No, i don't. But nearly every set of tools i've used has one command.
eg uboot, coreboot, gdb, od, hexdump. Even ethtool has [offset N] [length N]

How many tools can you name which have two different command, rather
than one with options?

      Andrew

David Ahern March 30, 2018, 4:57 p.m. UTC | #10

On 3/30/18 8:34 AM, Andrew Lunn wrote:
>>> And it seems to want contiguous pages. How well does that work after
>>> the system has been running for a while and memory is fragmented?
>>
>> The allocation can be changed, there is no read need for contiguous pages.
>> It is important to note that we the amount of snapshots is limited by the
>> driver
>> this can be based on the dump size or expected frequency of collection.
>> I also prefer not to pre-allocate this memory.
> 
> The driver code also asks for a 1MB contiguous chunk of memory!  You
> really should think about this API, how can you avoid double memory
> allocations.

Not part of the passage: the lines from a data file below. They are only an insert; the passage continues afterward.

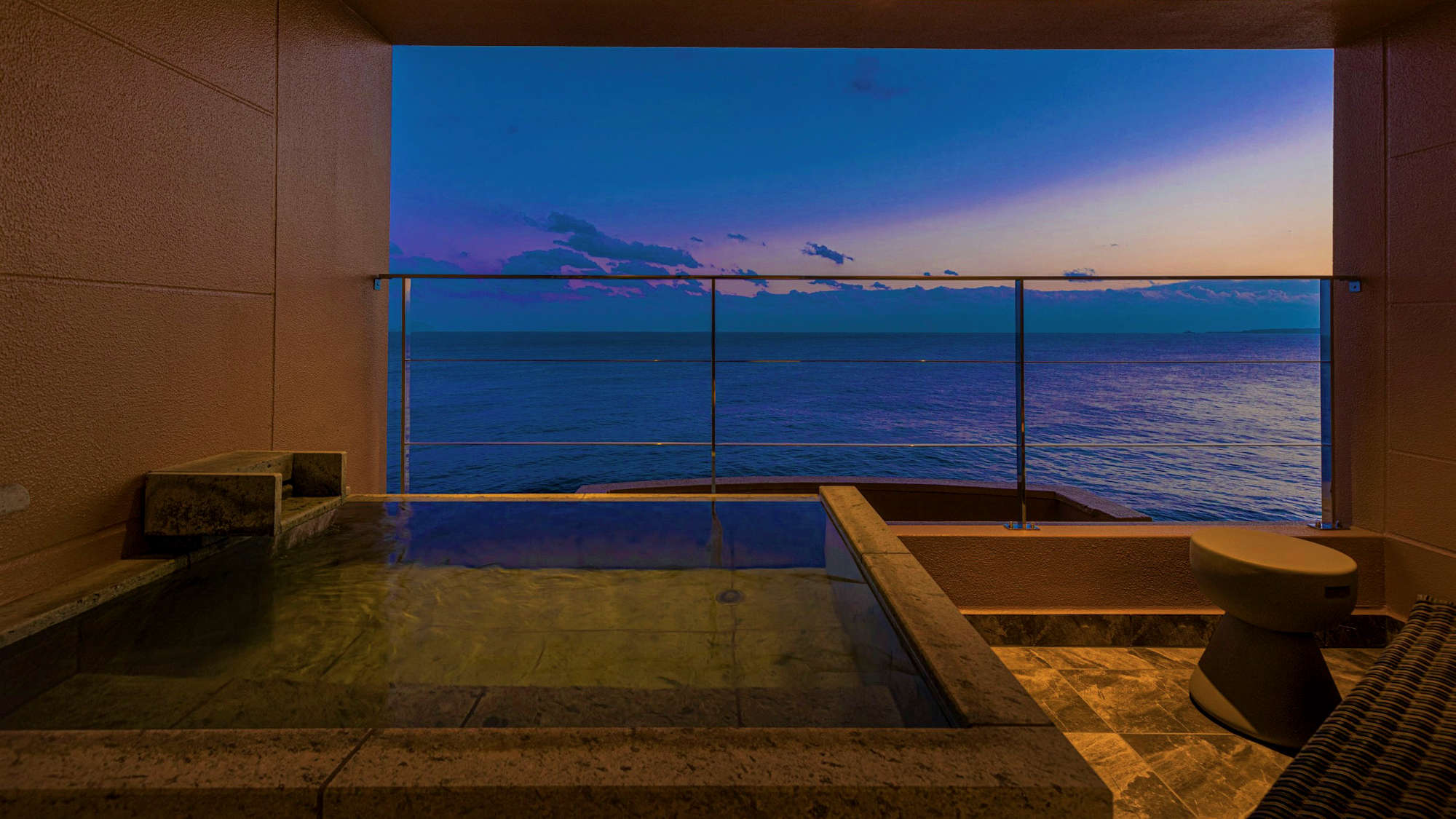 温泉掛流し露天風呂付コーナーツイン『凛』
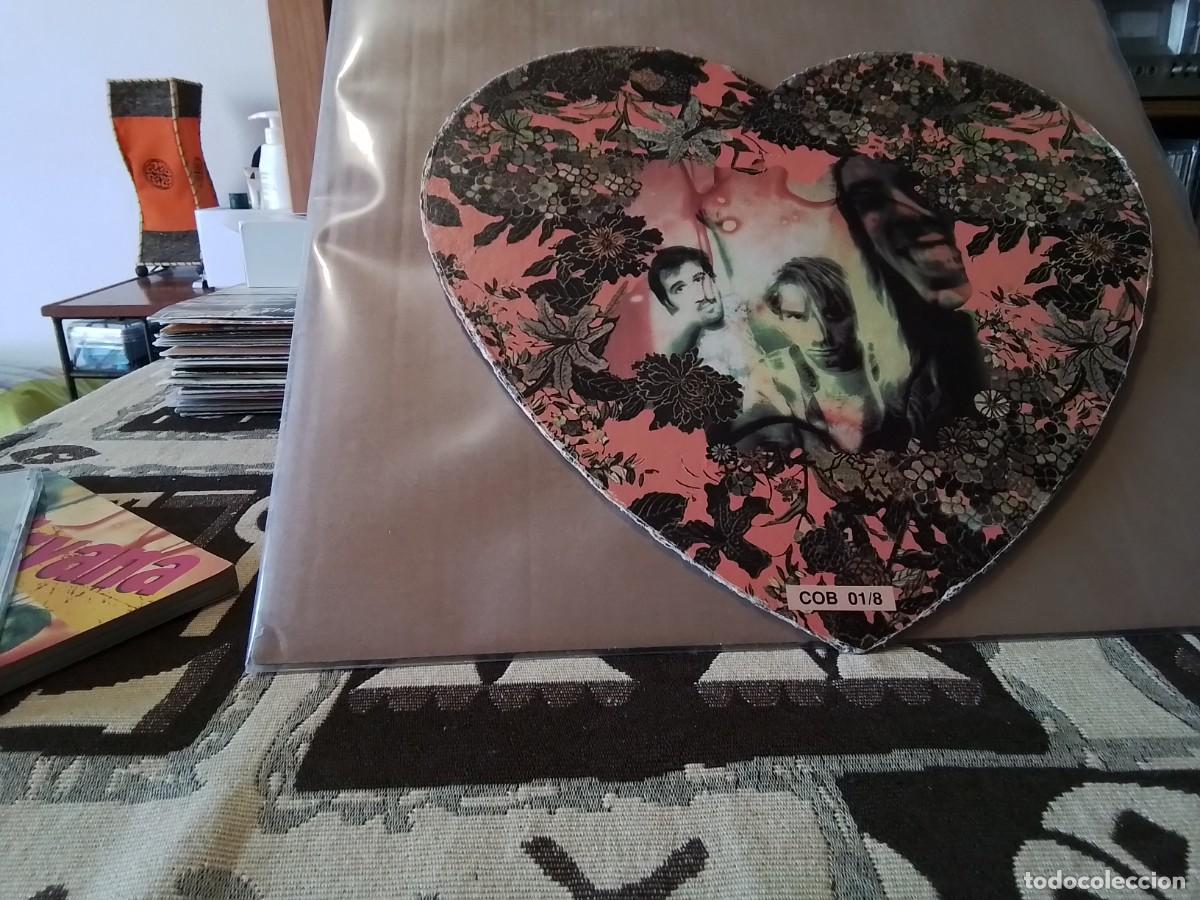 Fotos de Cantantes: NIRVANA FOTO CART&Oacute;N EN FORMA DE CORAZ&Oacute;N+CDSG+LIBRO 120PAG. CON FOTOS (INGLES)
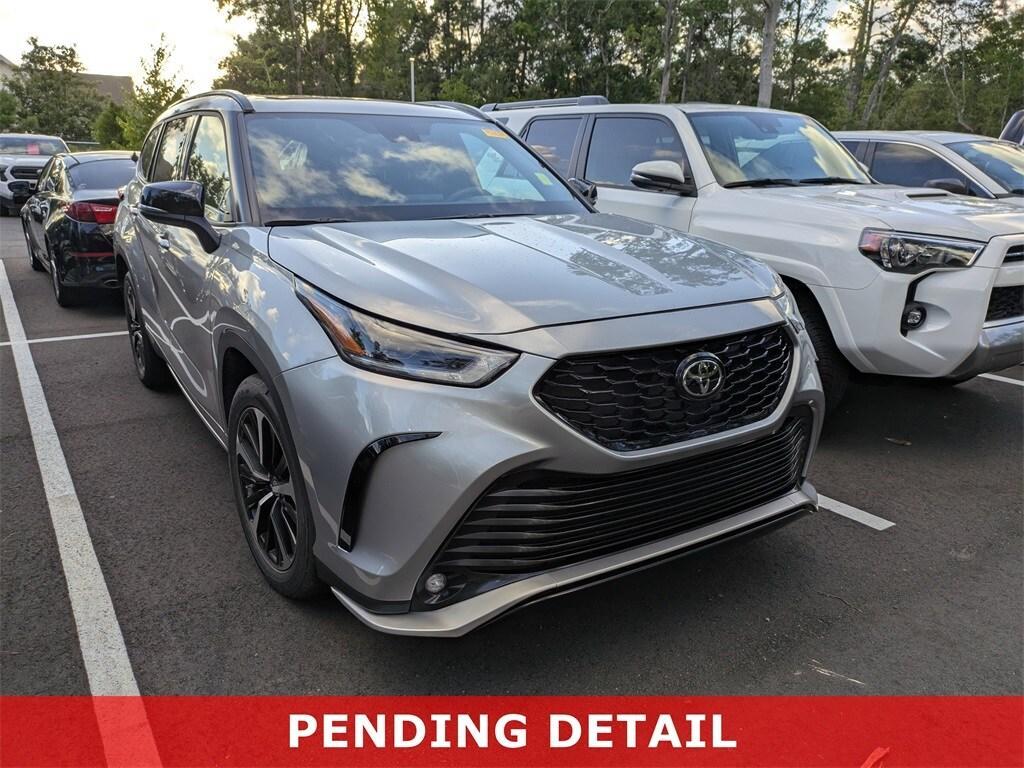 used 2022 Toyota Highlander car, priced at $40,831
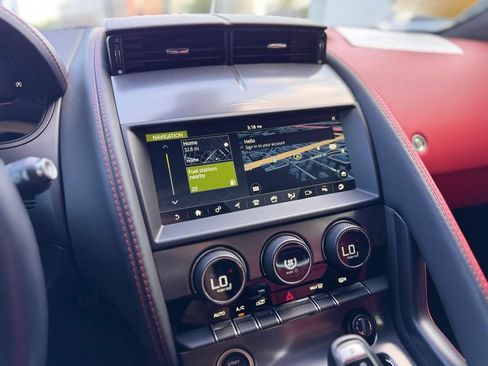 Used 2024 Jaguar F-TYPE Coupe AWD image 17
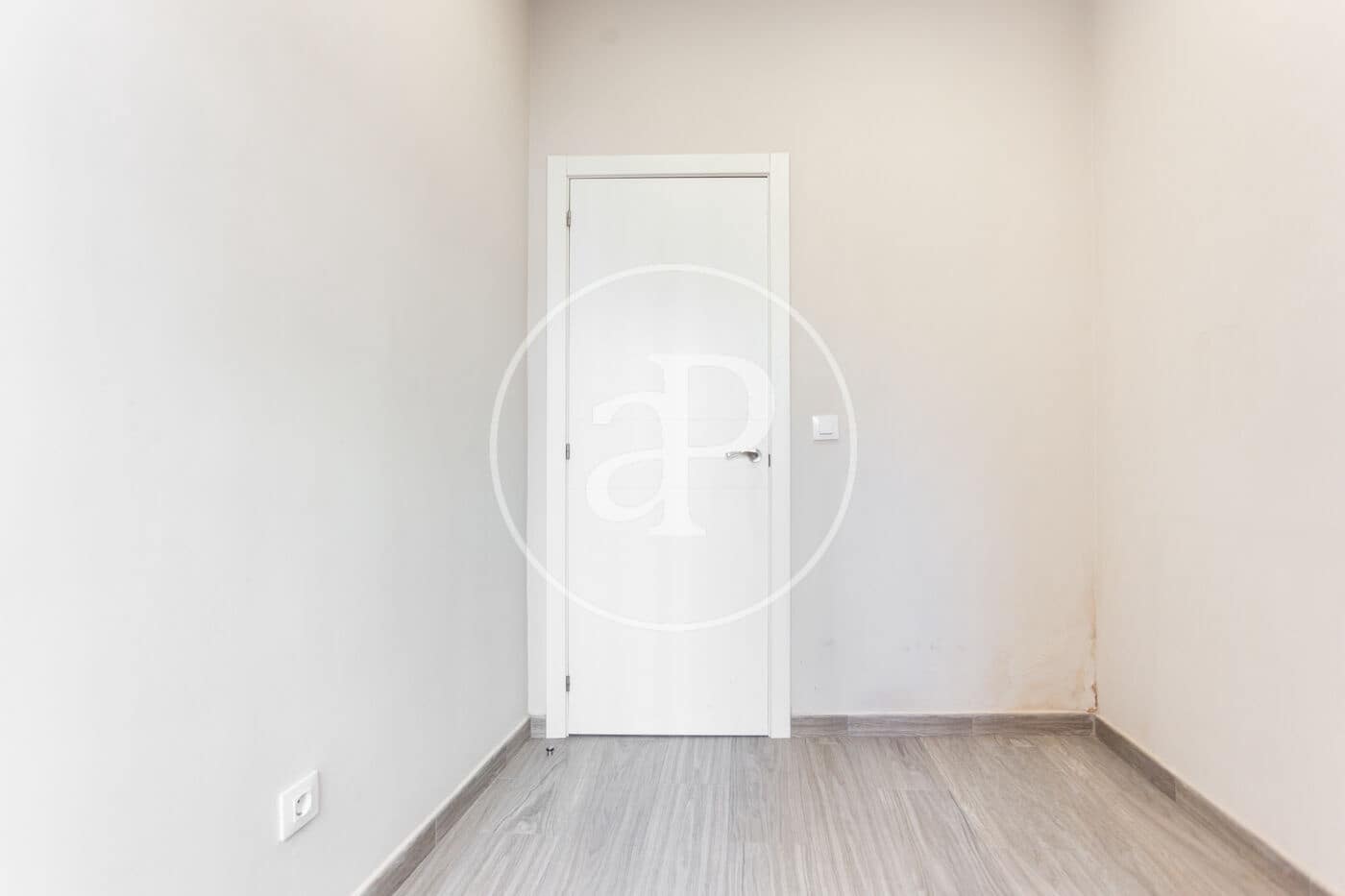 3 makuuhuone Huoneisto vuokrattavana paikassa Valencia kaupunki - 1 350 € (Ref: 8784029)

And can kvmalloc be used. But then you get into the
> problem for DMA'ing the memory from the device...
> 
> This API also does not scale. 1MB is actually quite small. I'm sure
> there is firmware running on CPUs with a lot more than 1MB of RAM.
> How well does with API work with 64MB? Say i wanted to snapshot my
> GPU? Or the MC/BMC?
> 

That and the drivers control the number of snapshots. The user should be
able to control the number of snapshots, and an option to remove all
snapshots to free up that memory.

David Miller March 30, 2018, 6:07 p.m. UTC | #11

From: Alex Vesker <valex@mellanox.com>
Date: Fri, 30 Mar 2018 08:28:39 +0300

> On 3/29/2018 10:51 PM, Andrew Lunn wrote:
>> Also, i doubt write support will be accepted. That sounds like the
>> start of an API to allow a user space driver.
> 
> If this will be an issue we will stay with read access only.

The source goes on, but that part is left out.